Defendants filed a motion to dismiss Count II of the complaint on September 9, 2010 (Doc. No. 6), arguing that Plaintiffs had failed to allege the necessary elements of a claim of discrimination under the FLSA inasmuch as they did not identify any GNC employee, including the named Plaintiffs, who had ever complained about GNC's pay practices or about the time recording system.

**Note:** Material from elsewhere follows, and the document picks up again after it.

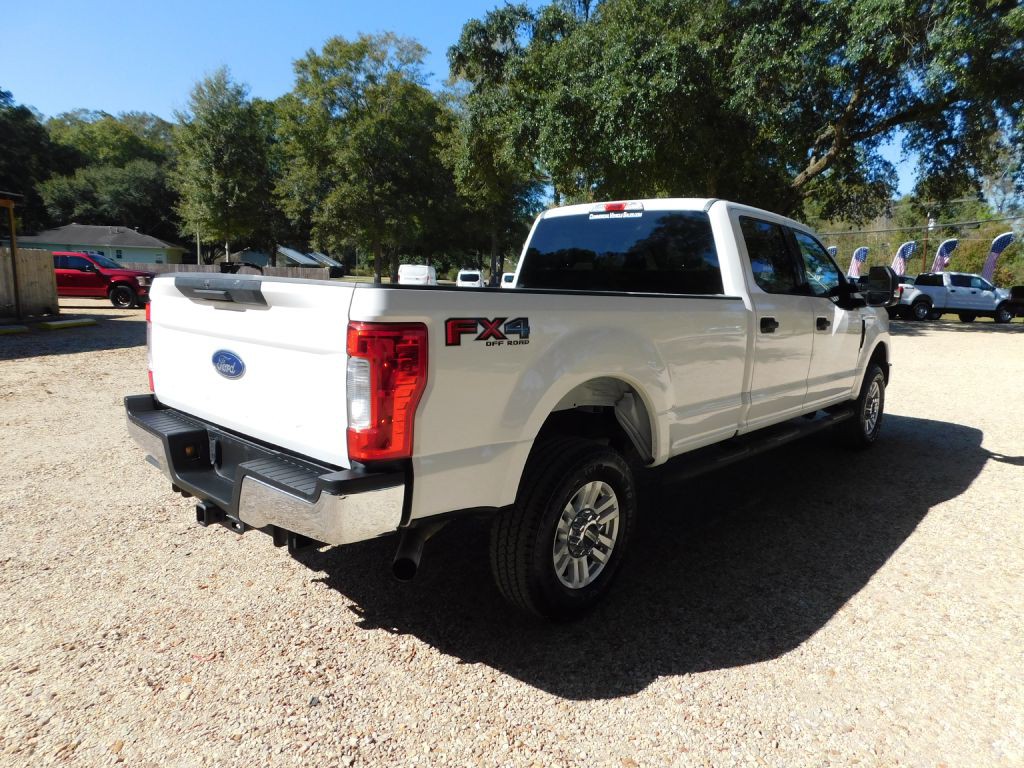2017 Ford F-250 Image 6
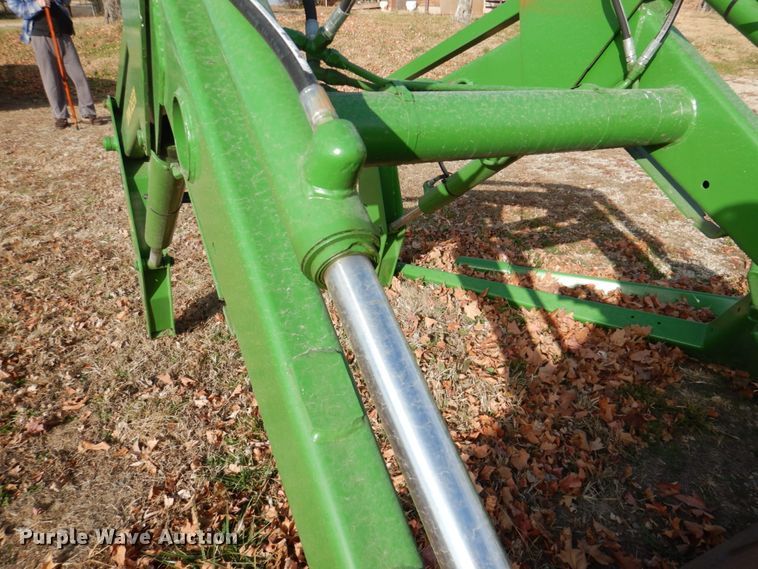 image for item DN2551 John Deere 240  loader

Plaintiffs responded by filing the First Amended Complaint, and Defendants again filed a motion to dismiss Count II pursuant to Federal Rule of Civil Procedure 12(b)(6) for the same reasons as previously stated. GNC argues that despite amending their complaint, Plaintiffs still have failed to identify any protected activity that could support a retaliation claim. Thus Count II fails as a matter of law under the pleading standards established by Bell Atl. Corp. v. Twombly, 550 U.S. 544 (2007), and Ashcroft v. Iqbal, ___ U.S. ___, 129 S. Ct. 1937, 173 L. Ed. 2d 868 (2009).

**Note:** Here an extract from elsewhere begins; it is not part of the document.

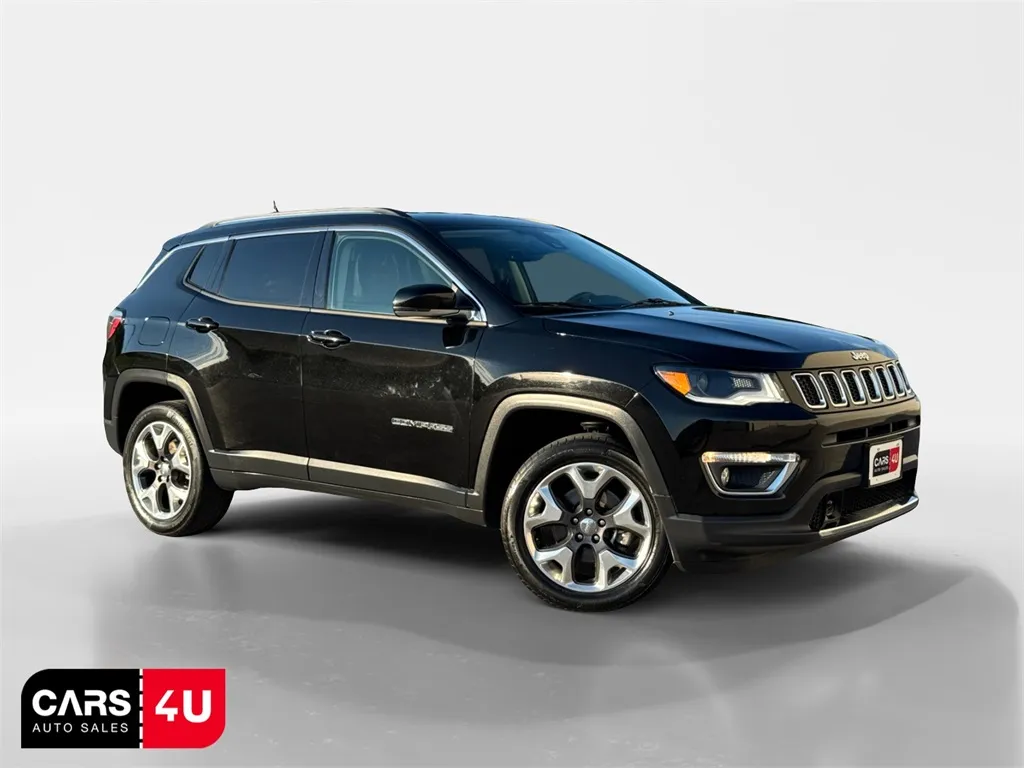 Black 2018 Jeep Compass Limited for sale in Knoxville, TN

II. JURISDICTION AND VENUE

This Court has jurisdiction over Plaintiffs' claims pursuant to 28 U.S.C. § 1337 and 29 U.S.C. § 216(b). Venue is appropriate in this District inasmuch as Defendants are headquartered and therefore reside in this district. 28 U.S.C. § 1391(b).

III. STANDARD OF REVIEW

Federal Rule of Civil Procedure 8(a) requires that a pleading which "states a claim for relief must contain. . . . (2) a short and plain statement of the claim showing that the pleader is entitled to relief." The Rule further provides that "[e]ach allegation must be simple, concise, and direct" but "[n]o technical form is required." Fed.R.Civ.P. 8(d). "The touchstone of Rule 8(a)(2) is whether a complaint's statement of facts is adequate to suggest an entitlement to relief under the legal theory invoked and thereby put the defendant on notice of the nature of the plaintiff's claim." In re Ins. Brokerage Antitrust Litig., 618 F.3d 300, 320, n. 18 (3d Cir. 2010) ("Brokerage Antitrust"), citing Twombly, 550 U.S. at 565, n. 10.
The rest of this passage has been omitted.